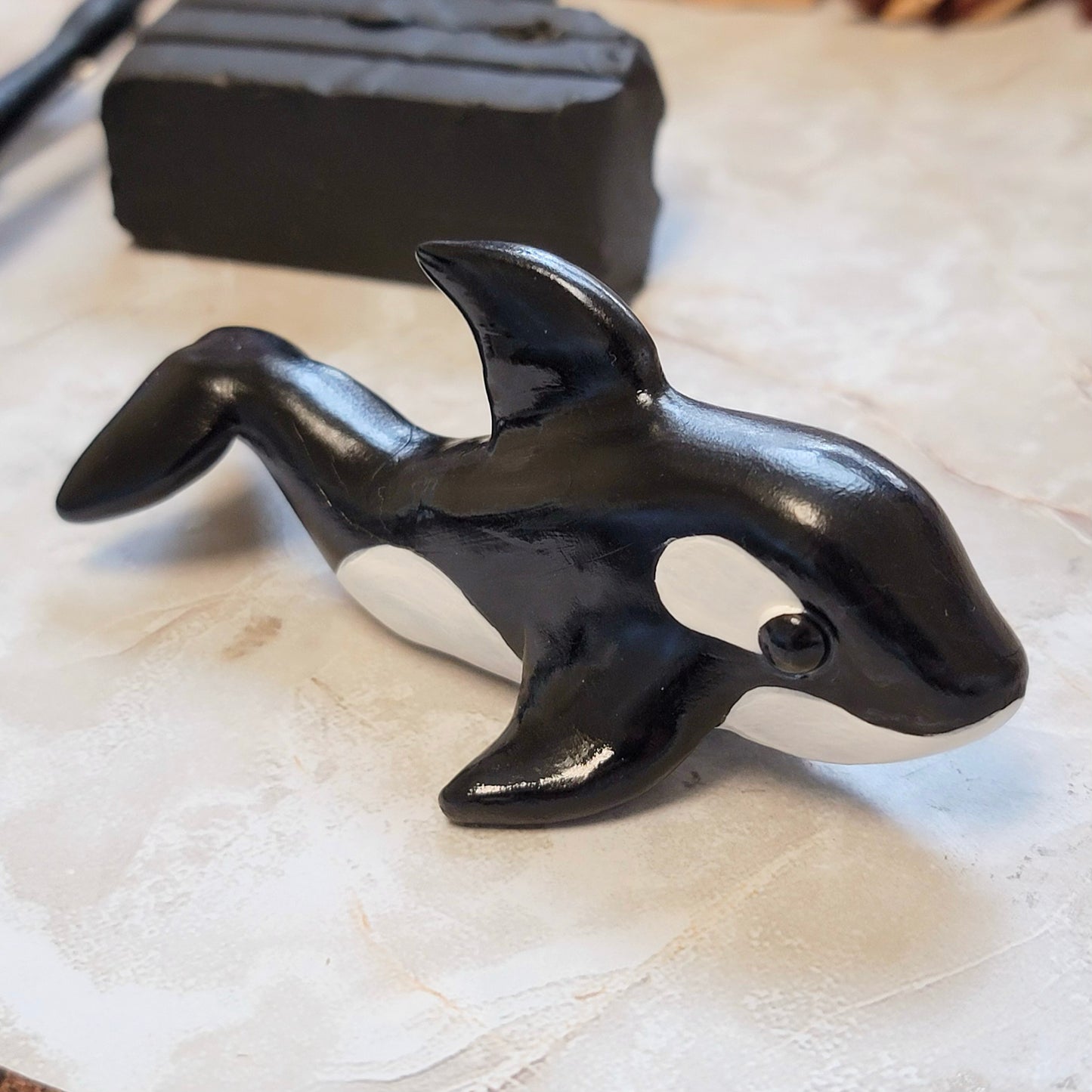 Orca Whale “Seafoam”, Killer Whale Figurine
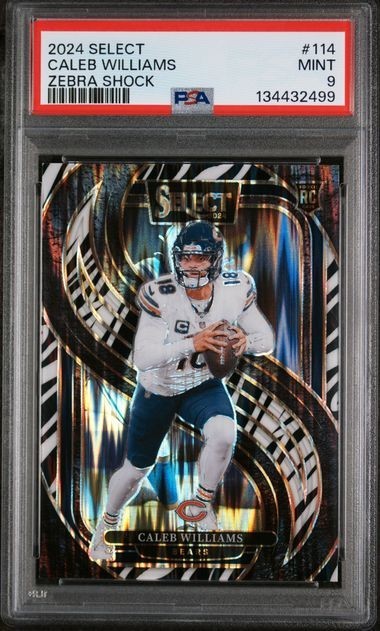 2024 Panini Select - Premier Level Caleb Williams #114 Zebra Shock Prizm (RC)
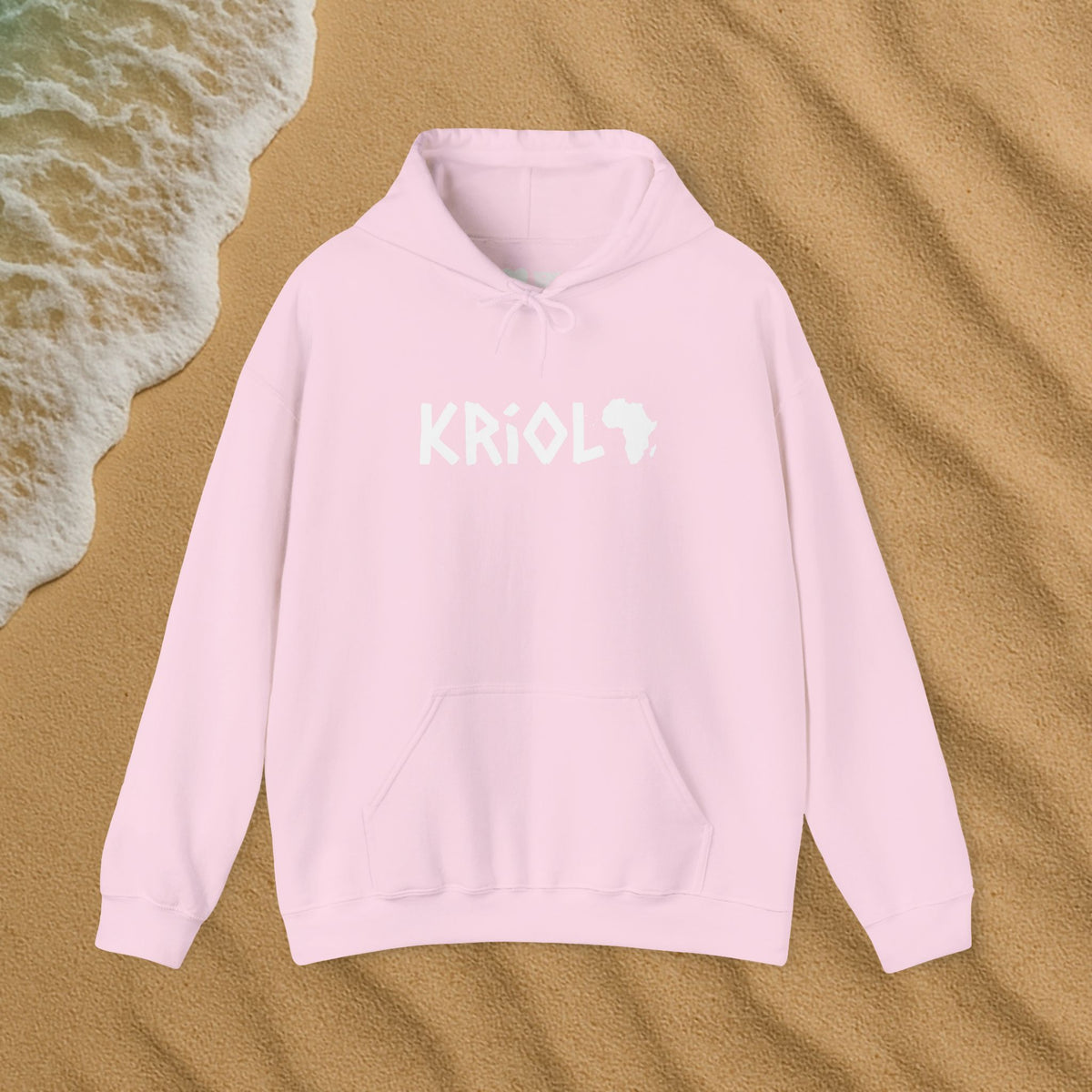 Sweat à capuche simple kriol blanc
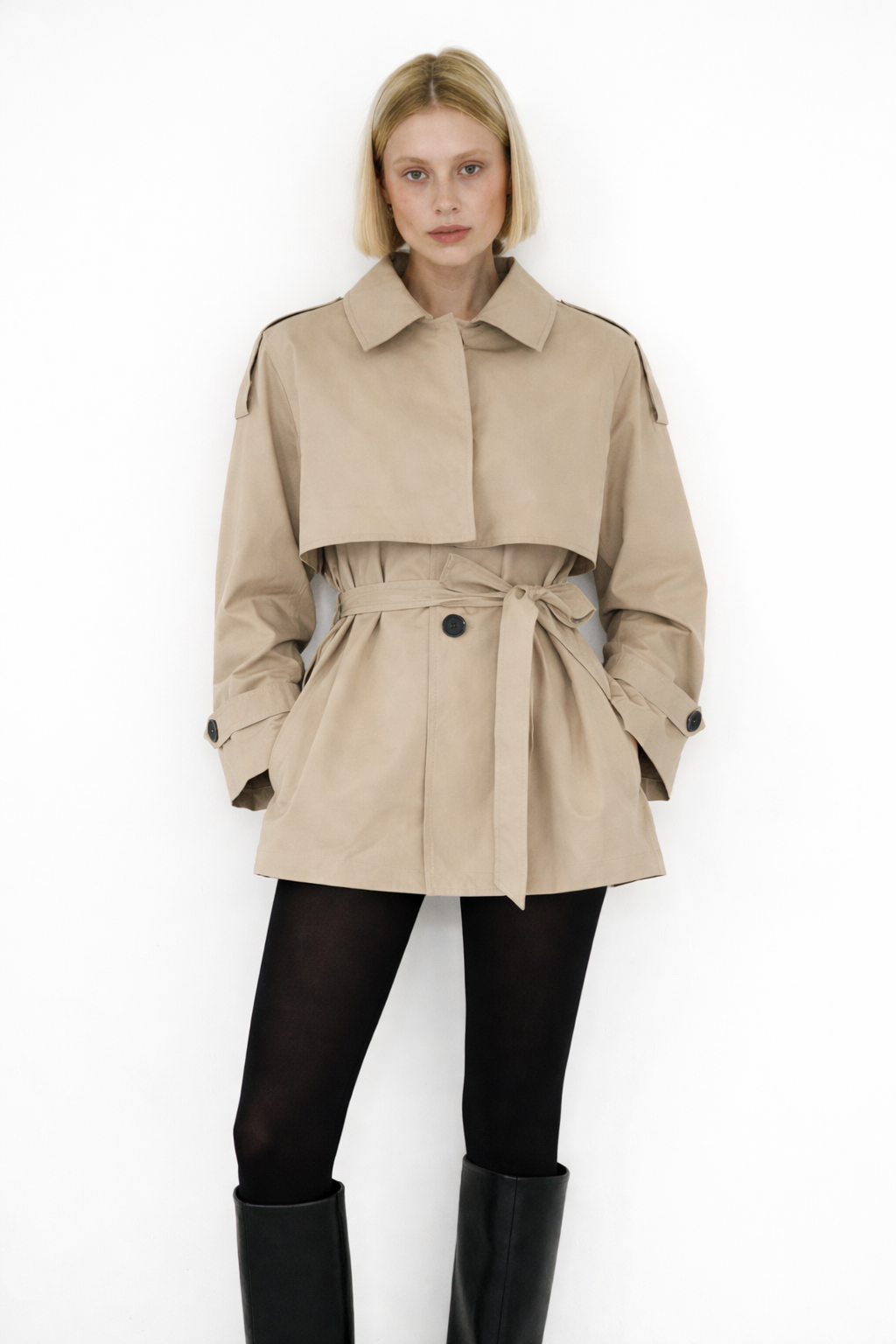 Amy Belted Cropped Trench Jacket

Exercise objective
Pictures are not part of the copy; transcribe the rest of the data verbatim.

Output below
 Orca Whale “Seafoam”, Killer Whale Figurine
 2024 Panini Select - Premier Level Caleb Williams #114 Zebra Shock Prizm (RC)
 Sweat à capuche simple kriol blanc
 Amy Belted Cropped Trench Jacket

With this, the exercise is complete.